Northwest Arkansas Democrat-Gazette
AG hopeful files ethics complaint
Calling Attorney General Leslie Rutledge “a day late and a dollar short” in investigating corruption in the state Legislature, her Democratic opponent, Mike Lee, filed an ethics complaint Tuesday against former state Sen. Jeremy Hutchinson, the latest target of an ongoing federal probe.
Hutchinson, R-Little Rock, was indicted Friday by a federal grand jury on charges of wire and tax fraud.
In a complaint Lee delivered to the state Ethics Commission on Tuesday, the attorney general candidate said the federal indictment presented evidence of violations of state campaign-finance laws. In the indictment, Hutchinson was accused of improperly funneling more than $200,000 from his campaign toward personal uses.
Lee said that such breaches of state campaign-finance laws fall under the jurisdiction of the Arkansas Ethics Commission, and asked the body to investigate further.
He also said Rutledge failed to adequately investigate public corruption during her current four-year term, and waits on federal investigators to take the lead.

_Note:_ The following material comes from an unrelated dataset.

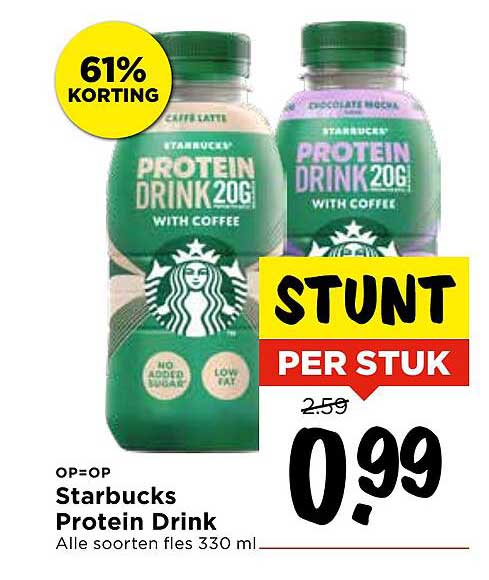 Starbucks Protein Drink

Hutchinson, who is the nephew of Gov. Asa Hutchinson, is the sixth current or former lawmaker to face federal criminal charges since the start of 2017.
Five have pleaded or been found guilty. A seventh lawmaker faces state income tax evasion charges.

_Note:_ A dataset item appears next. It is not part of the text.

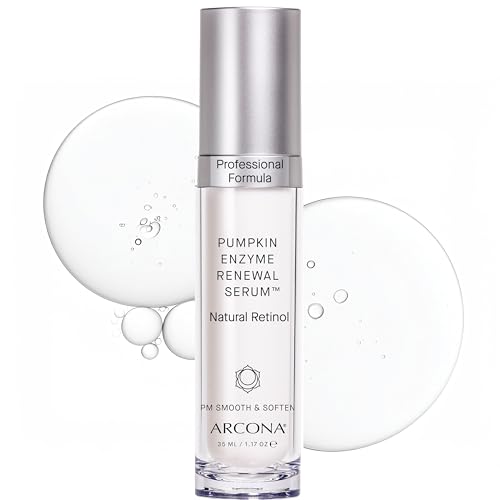 ARCONA Pumpkin Enzyme Glow Serum ? Transforms Dull Skin Overnight with Plant-Based AHAs & Natural Retinol | Reveals a Brighter, Smoother Complexion | Gentle Retinol Serum for Face, 1.17 fl oz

“You don’t wait four years into your office to work on ethics, to show leadership with regards to ethics,” Lee said. “This has festered for quite a while.”
During a news conference last month, a deputy attorney general revealed that Rutledge’s office is investigating one or more lawmakers, but declined to offer names.

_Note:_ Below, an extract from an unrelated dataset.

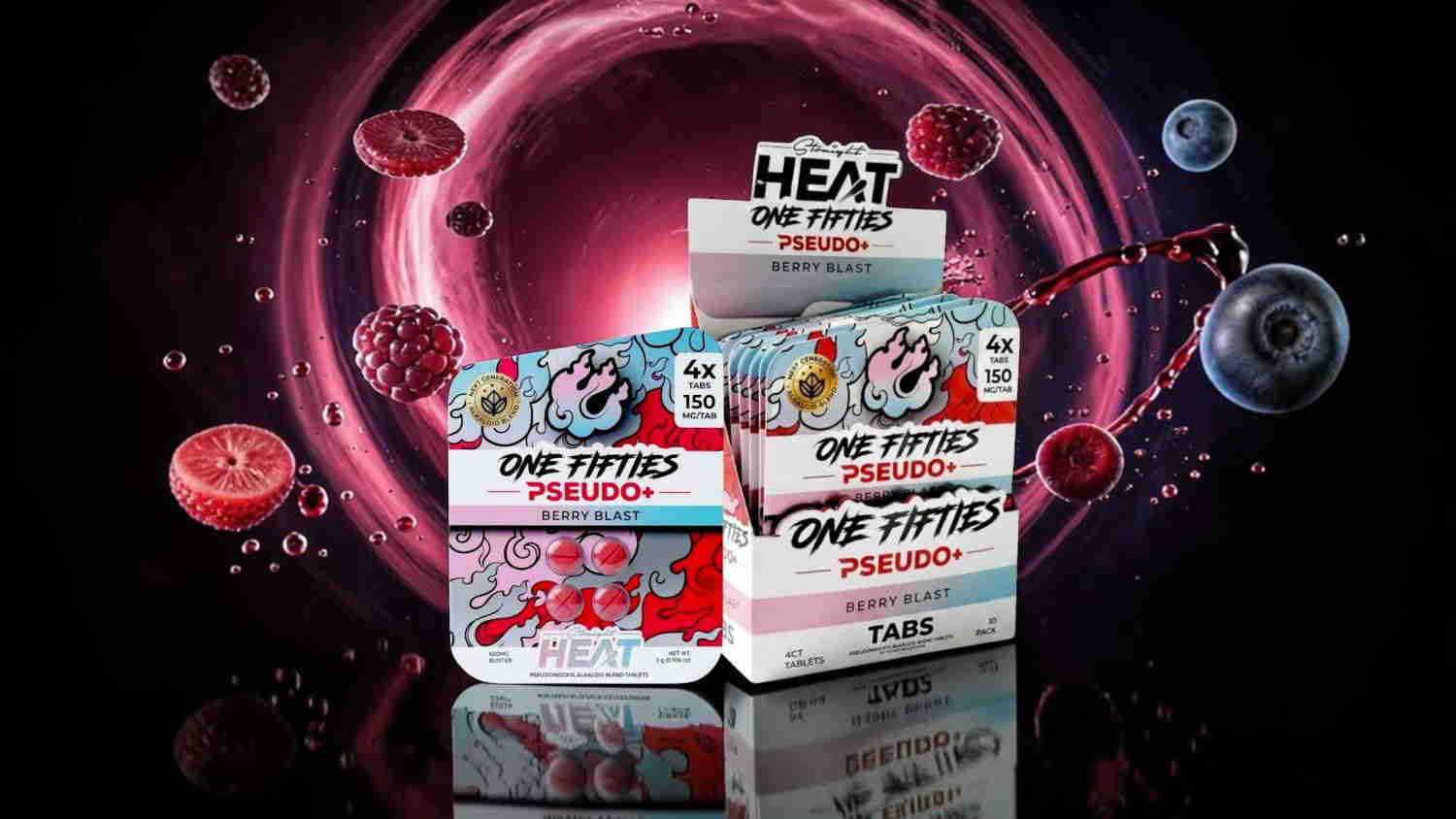 Boxes of protein powder with a dynamic, colorful background.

Asked Tuesday whether Rutledge’s office is investigating Jeremy Hutchinson, as spokesman declined to comment.
In an emailed statement, Jessica Ray, the spokesman for Rutledge’s office, said, “Attorney General Rutledge made it a priority to hold bad actors accountable regardless of title or status, and therefore, she created the first Public Integrity Division of the Attorney General’s Office to investigate corruption by public officials.”
The Ethics Commission has the jurisdiction to seek civil or administrative penalties for violations of state campaign finance laws, according to Graham Sloan, the director of the agency.
The decision to bring criminal charges is up to local prosecutors, Sloan said, though the agency may refer cases it handles to prosecutors.
Sloan declined to say whether his agency is investigating Jeremy Hutchinson’s use of campaign funds.